Strangest of all, however, is Nessen (as himself) interacting with Chevy Chase (as President Ford) in the Oval Office.  It was the obvious skit to do.  Aside from the rehashing of the “Dead String Quartet” to start the show, the first real piece was this one.

While some bits in this episode fall flat (“Press Secretaries Throughout History” comes to mind), in all this is a very solid episode.

Perhaps Patti Smith’s presence as musical guest had something to do with the fuck-off tone encountered here and there.

Let’s face it:  SNL (though still called merely Saturday Night) had become such a force that the White House was forced to respond.

And their course of action?

If we can’t be ’em, join ’em.  It’s the old Bugs Bunny phrase I heard a million times as a kid growing up.

What’s not good about this episode?  Billy Crystal (still Bill Crystal at the time).

It’s almost good.  It’s almost great (Crystal’s routine).  But ultimately, it sucks.

Contrast this with the performance of The Patti Smith Group.

“Gloria” is powerful, but it’s a strange rip-off cover.  It’s a rewrite.  Almost a détournement worthy of Guy Debord and the Situationists.

“Gloria” works.  The guitars are blaring loud.  Patti Smith is a true persona here.  Magical.  Visceral.  Pissed-off.

But “My Generation” works less well.  And while it is juvenile and lazy, it still has the genuine energy which would inspire groups like Sonic Youth.

The Patti Smith Group is exciting on both tunes because it feels like they could fail at any moment.  “Excursion on a Wobbly Rail” as Cecil Taylor put it.

Yeah.  That was the name of Lou Reed’s radio show when Lou was a student at Syracuse.

No.  Bill Crystal was no Andy Kaufman.  Bill Crystal was just doing blackface here.  Is it Satchmo?  Miles?  An amalgamation named Pops?

Importantly, it is evident that Crystal has talent.  A lot of talent.  It’s just that he’s not channeling it very well here.  The blackface sans burnt cork doesn’t really become him.  It’s lazy.  Like Patti Smith Group’s “My Generation”.  Crystal isn’t risking much.

Today, Crystal’s routine would probably be called racist.  Yeah…  It’s a little odd.

But Patti Smith comes out on top.  “Jesus died for somebody’s sins/but not mine.”  Wow…
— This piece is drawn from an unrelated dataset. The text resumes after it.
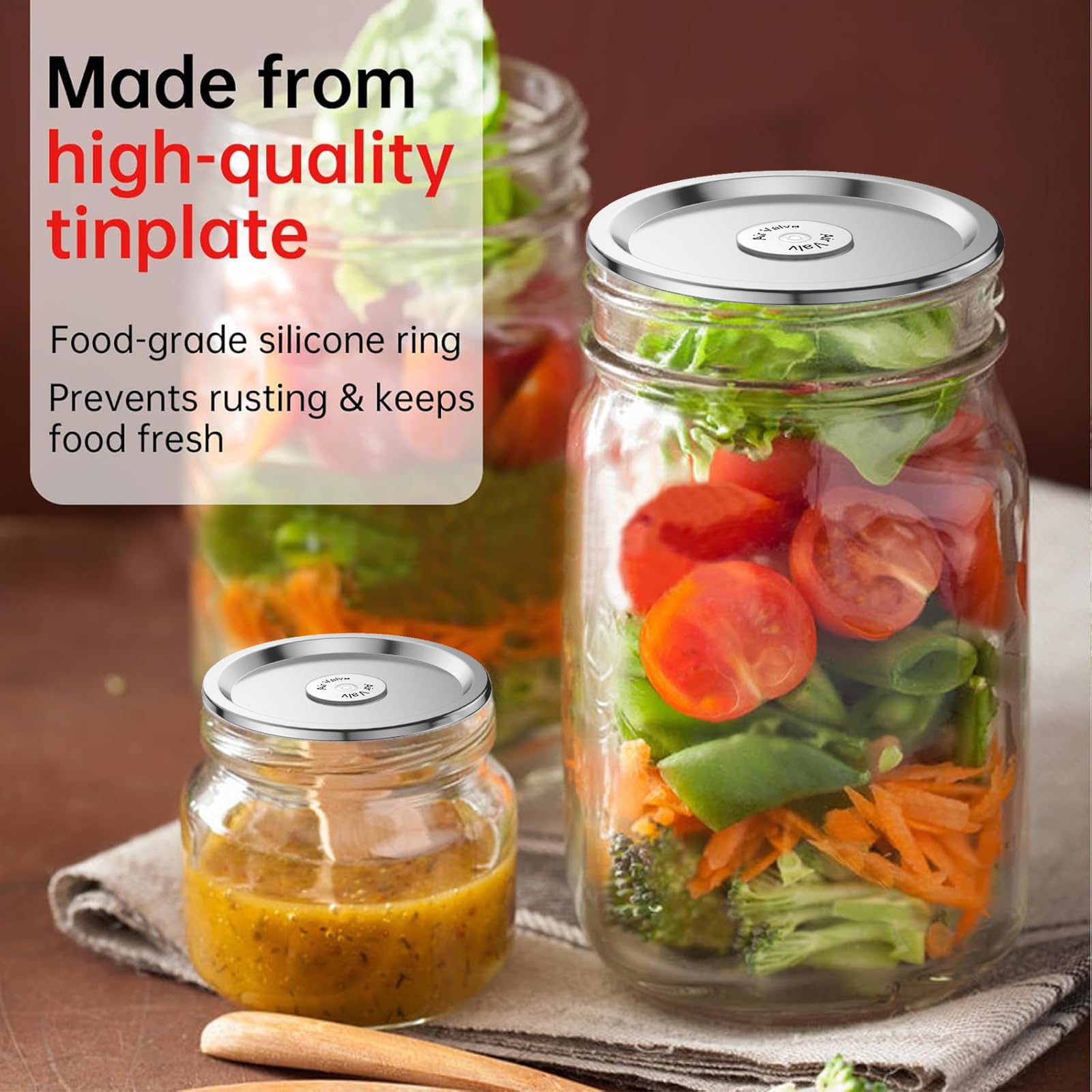 Wide Mouth Mason Jar Vacuum Lids 24PCS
On national TV.  Long before Sinéad ripped up a picture of the Pope.

SNL was dangerous.

But it was also a gas.

Super Bass-o-Matic ’76.

Yeah, Dan Aykroyd took a step forward with this particular show.

Who even remembers Tom Snyder?

It’s of a different generation.  Not my generation.

We dig back in the past.

And this show (SNL) is not complete without the REAL commercials.

I wanna see the Marlboro Man, ads for Scotch, plugs for cars that Ralph Nader found out impaled people upon impact.  The good old days…

The FAKE commercials need the REAL commercials for the whole thing to work.

I’m thinking back to my youth.  When Crystal Pepsi was lampooned as Crystal Gravy.

And so it’s a shame that corporate America couldn’t get together and celebrate their grossly dated marketing of the 1970s by being a part of these reruns. Same criticism falls upon NBC.  Why don’t you give us a REAL glimpse of what watching this show in ’76 must have been like?

Some brands don’t even exist anymore.  Who holds the copyrights to commercials for defunct products?  That’s a lot of work just to give people a more realistic stroll down memory lane.

So it is instructive.

What you see on television today (the whole experience…especially the commercials) will be very quickly (QUICKLY) forgotten tomorrow.  The mundane pieces will fade first.  No one bothered to document them.  Too pervasive.

And then the few gems somehow get lost in the digital landfill.

Gary Weis was way ahead of me with his short film set in a dump.  Sanitation workers.  Garbage men.

Don’t mind me.  I’m just sifting through the detritus.